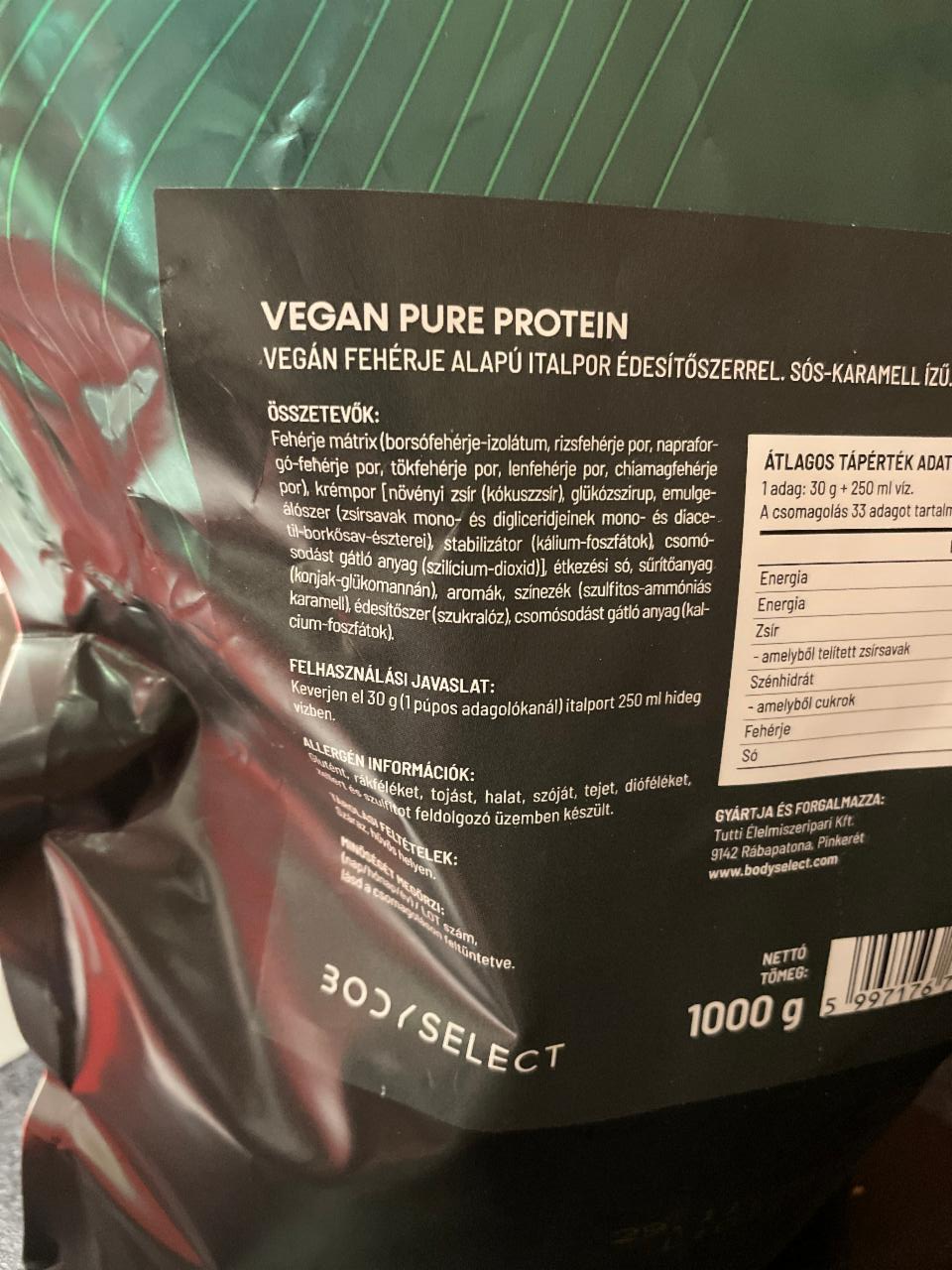 Vegan Pure Protein Sós Karamell Body Select Kalória Kj és Tápértékek Dine4fithu 2099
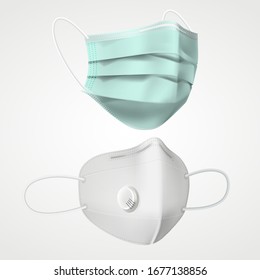 Set of isolated 3d respiratory mask. Realistic medicine face and breath protection. Doctor or surgical respirator. 2019 Covid prevention. SARS-Cov virus pandemic infection theme. Health care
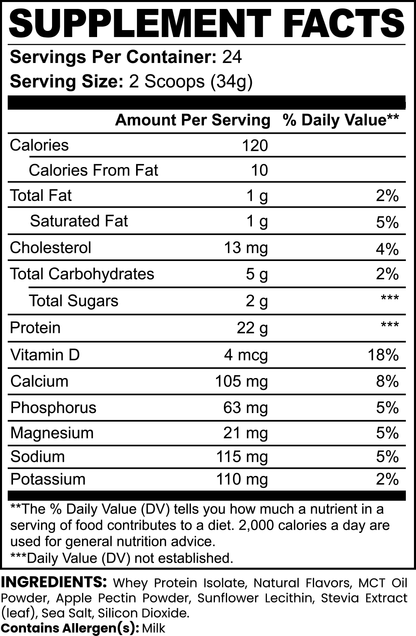 Whey Protein Isolate - Vanilla Ice Cream - 48 Scoops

- - -

With images omitted, retype the data word for word.

__COMPLETED EXERCISE__.
 Vegan Pure Protein Sós Karamell Body Select Kalória Kj és Tápértékek Dine4fithu 2099
 Set of isolated 3d respiratory mask. Realistic medicine face and breath protection. Doctor or surgical respirator. 2019 Covid prevention. SARS-Cov virus pandemic infection theme. Health care
 Whey Protein Isolate - Vanilla Ice Cream - 48 Scoops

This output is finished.